Namun satu jam kemudian, setelah semua dikaji dan email dikirim, ponselnya berdering.
Nama yang muncul di layar membuat napas Andre tercekat: Bapak.
“Angkat,” bisik Lily. “Hadapi saja.”
Andre menekan tombol hijau. “Halo, Pak.”
“Datang sekarang juga ke rumah,” suara Sultan Munier terdengar dingin dan berat. “Kamu gagal mengawasi pegawaimu. Kita akan bicarakan ini langsung.”
Klik. Telepon terputus.
Andre menatap Lily. “Aku harus pergi.”
Lily mengangguk, tak berkata apa-apa, tapi wajahnya menyiratkan kekhawatiran.
...****************...
Bangunan kolonial itu masih berdiri megah, dikelilingi pohon-pohon tua yang tertata rapi seperti pasukan kerajaan. Andre melangkah masuk dengan kepala tegak, meski perutnya terasa dikocok. Di ruang kerja, ayahnya sudah menunggu, duduk di belakang meja besar dari kayu jati.
“Duduk,” perintah Sultan dingin.
Andre duduk tanpa suara.
“Laporan sudah Bapak terima. Kamu biarkan uang mengalir tanpa pengawasan, proyek ratusan miliar bocor begitu saja.”
“Itu partner eksternal, Pak. Aku juga baru terima laporan semalam.”
“Alasan.” Sultan menggebrak meja. “Tiap kali masalah, kamu selalu lempar tanggung jawab.”
Andre menahan diri. “Aku tidak lari. Aku datang ke sini untuk menjelaskan. Dan aku sendiri yang akan tuntaskan masalah ini.”

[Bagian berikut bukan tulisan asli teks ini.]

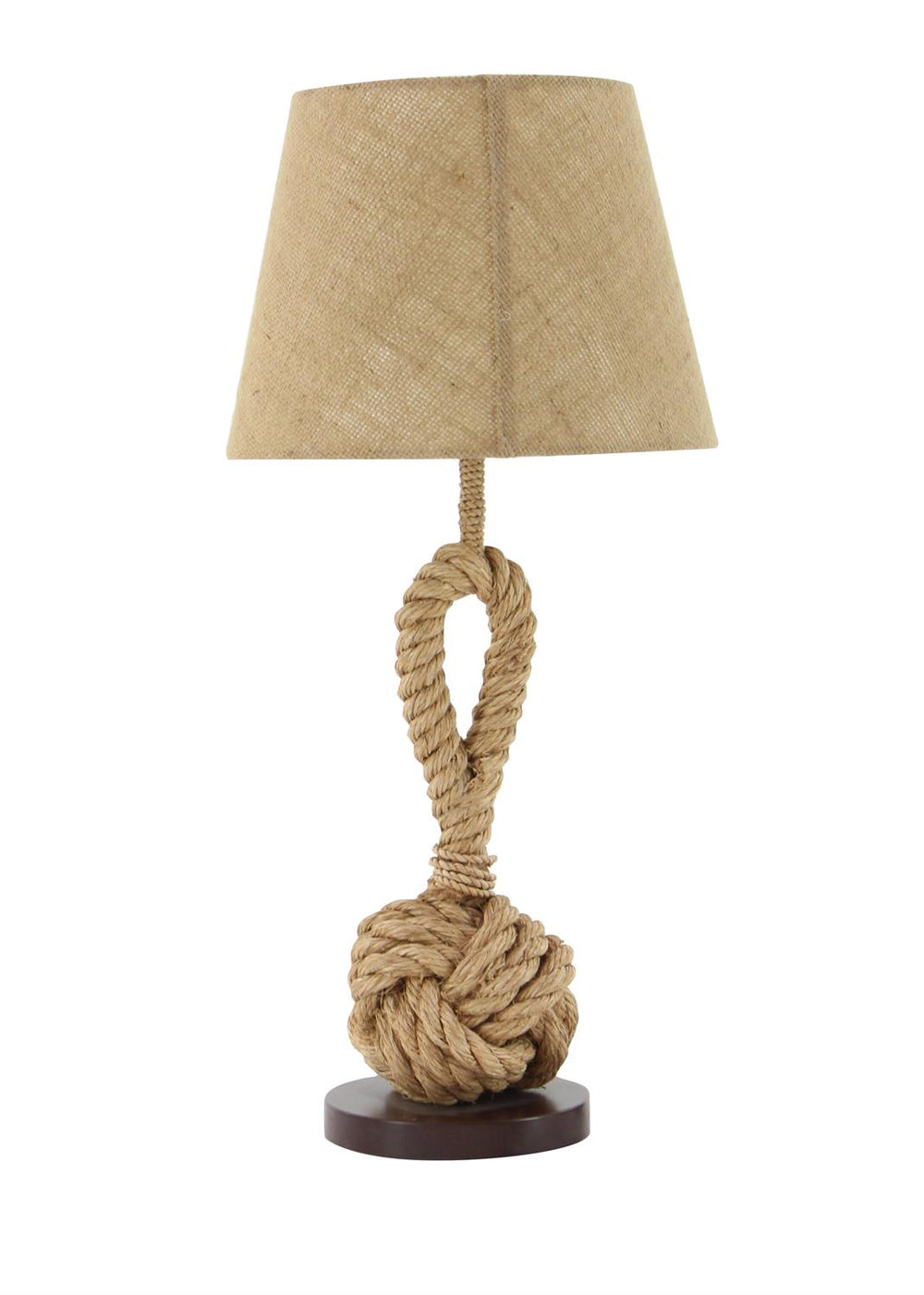 Lámpara de Mesa con Nudo de Cuerda Jute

Bowo masuk dari arah samping, berdiri menyender ke dinding sambil tersenyum sinis. “Katanya suami cucu presiden. Masa nggak becus urus proyek sendiri.”
Andre meliriknya tajam. “Diamlah, Bowo. Urus pacarmu yang bule itu.”
“Kamu jangan berani-berani!” Sultan bangkit. “Jangan merasa besar karena kamu dapat Lily. Kamu itu tetap cadangan! Tetap anak dari perempuan kedua! Jangan lupa tempatmu!”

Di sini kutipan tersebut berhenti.